--- START ---

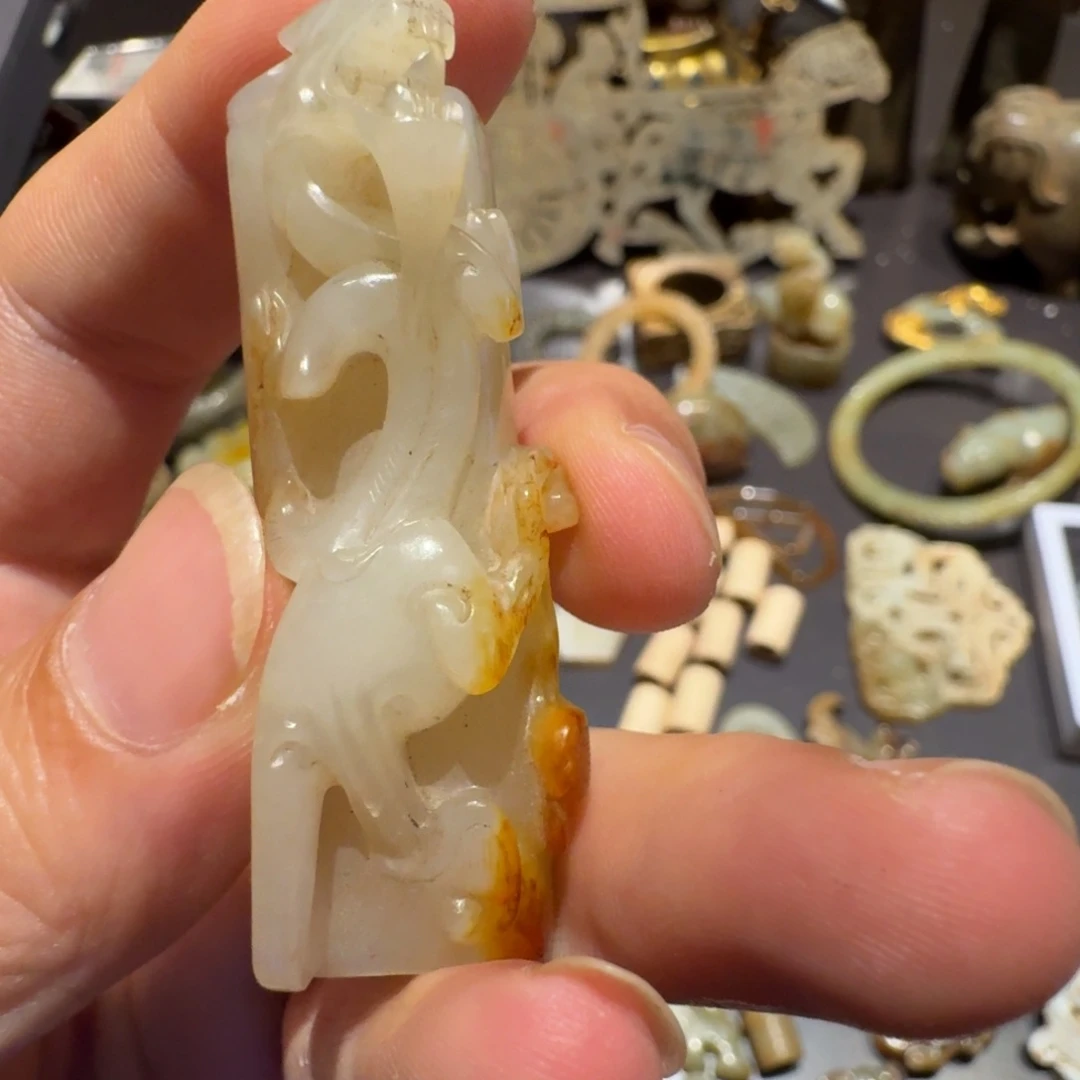 飞***哥奎星村的村民们在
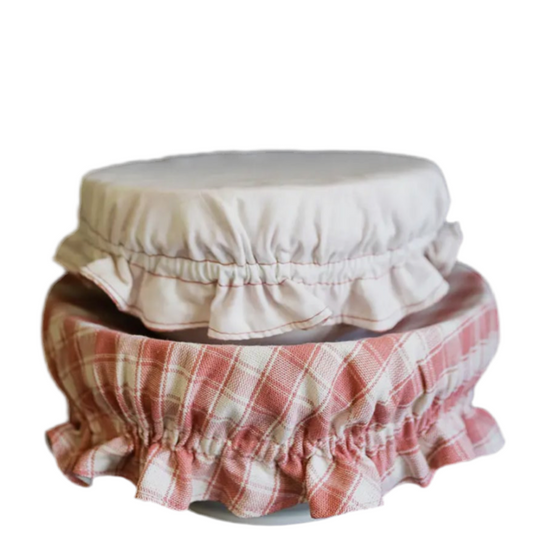 REVERSIBLE BOWL COVERS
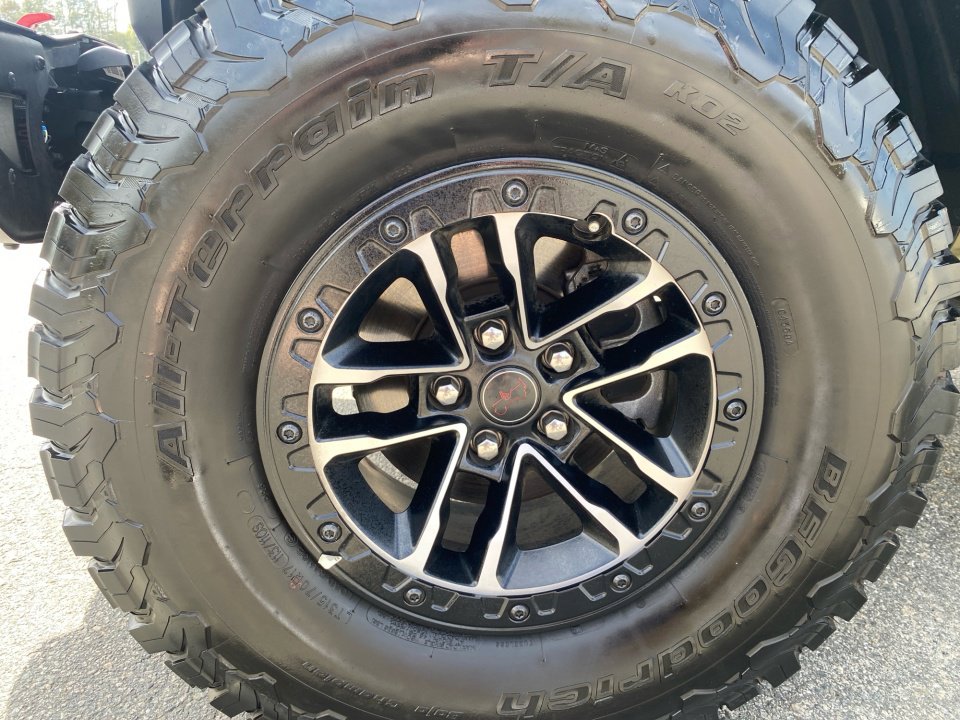 Used 2025 Jeep Wrangler Unlimited Rubicon image 31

--- END ---

__TRY IT__. The answer is to be the lines from the line that contains "REVERSIBLE BOWL COVERS" through the last line of the material, retyped exactly, both included, with pictures left out, please.

__TASK ANSWER__.
 REVERSIBLE BOWL COVERS
 Used 2025 Jeep Wrangler Unlimited Rubicon image 31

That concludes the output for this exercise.